First, we need to convert the given temperatures \((a)\) \(10^{\circ}\mathrm{C}\) and \((b)\) \(30^{\circ}\mathrm{C}\) into Kelvin. To do this, add 273.15 to the Celsius temperature. \((a)\) \(T_1 = 10^{\circ}\mathrm{C} + 273.15 = 283.15\,\text{K}\) \((b)\) \(T_2 = 30^{\circ}\mathrm{C} + 273.15 = 303.15\,\text{K}\)

Then, we need to determine the ideal gas constant, \(R\), in units of \(\dfrac{\text{L}\cdot\text{atm}}{\text{K}\cdot\text{mol}}\). The value for \(R\) is approximately \(0.0821\dfrac{\text{L}\cdot\text{atm}}{\text{K}\cdot\text{mol}}\).

In terms of mass \(m\), density \(\rho\), and molar mass \(M\), the ideal gas law can be rewritten as \(PV=\frac{m}{M} RT\). We can solve for the mass density, \(\rho = \frac{m}{V}\): \(\rho = \frac{m}{V} = \frac{M}{RT}P\) Now we can use this formula to find the mass density for the given conditions.

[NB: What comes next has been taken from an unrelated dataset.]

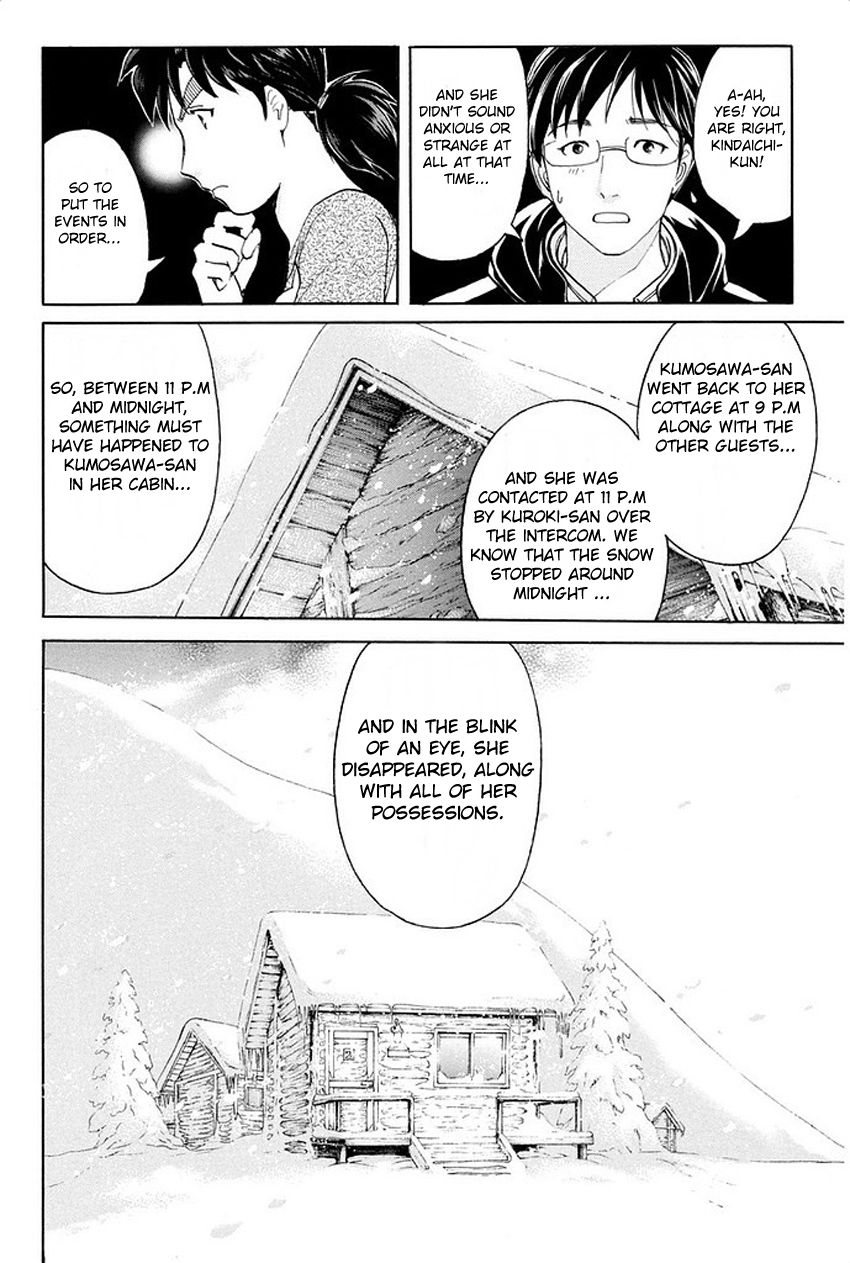 Kindaichi Shounen no Jikenbo R Chapter 3 page 20 - Chapter 3 : The Snow Goblin Legend Murder Case - File 3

Using the derived formula for mass density, we can now plug in the known values and the average molecular mass of air (\(M = 29\,\text{u} = 29\dfrac{\text{g}}{\text{mol}}\)): \((a)\) \(\rho_1 = \frac{29\dfrac{\text{g}}{\text{mol}}}{0.0821\dfrac{\text{L}\cdot\text{atm}}{\text{K}\cdot\text{mol}}\cdot 283.15\,\text{K}}\cdot 1.0\,\text{atm} = 1.205\,\dfrac{\text{g}}{\text{L}}\) \((b)\) \(\rho_2 = \frac{29\dfrac{\text{g}}{\text{mol}}}{0.0821\dfrac{\text{L}\cdot\text{atm}}{\text{K}\cdot\text{mol}}\cdot 303.15\,\text{K}}\cdot 1.0\,\text{atm} = 1.132\,\dfrac{\text{g}}{\text{L}}\) Therefore, the mass density of air at \(10^{\circ}\mathrm{C}\) and \(1.0\,\text{atm}\) is approximately \(1.205\,\dfrac{\text{g}}{\text{L}}\) and at \(30^{\circ}\mathrm{C}\) and \(1.0\,\text{atm}\) is approximately \(1.132\,\dfrac{\text{g}}{\text{L}}\).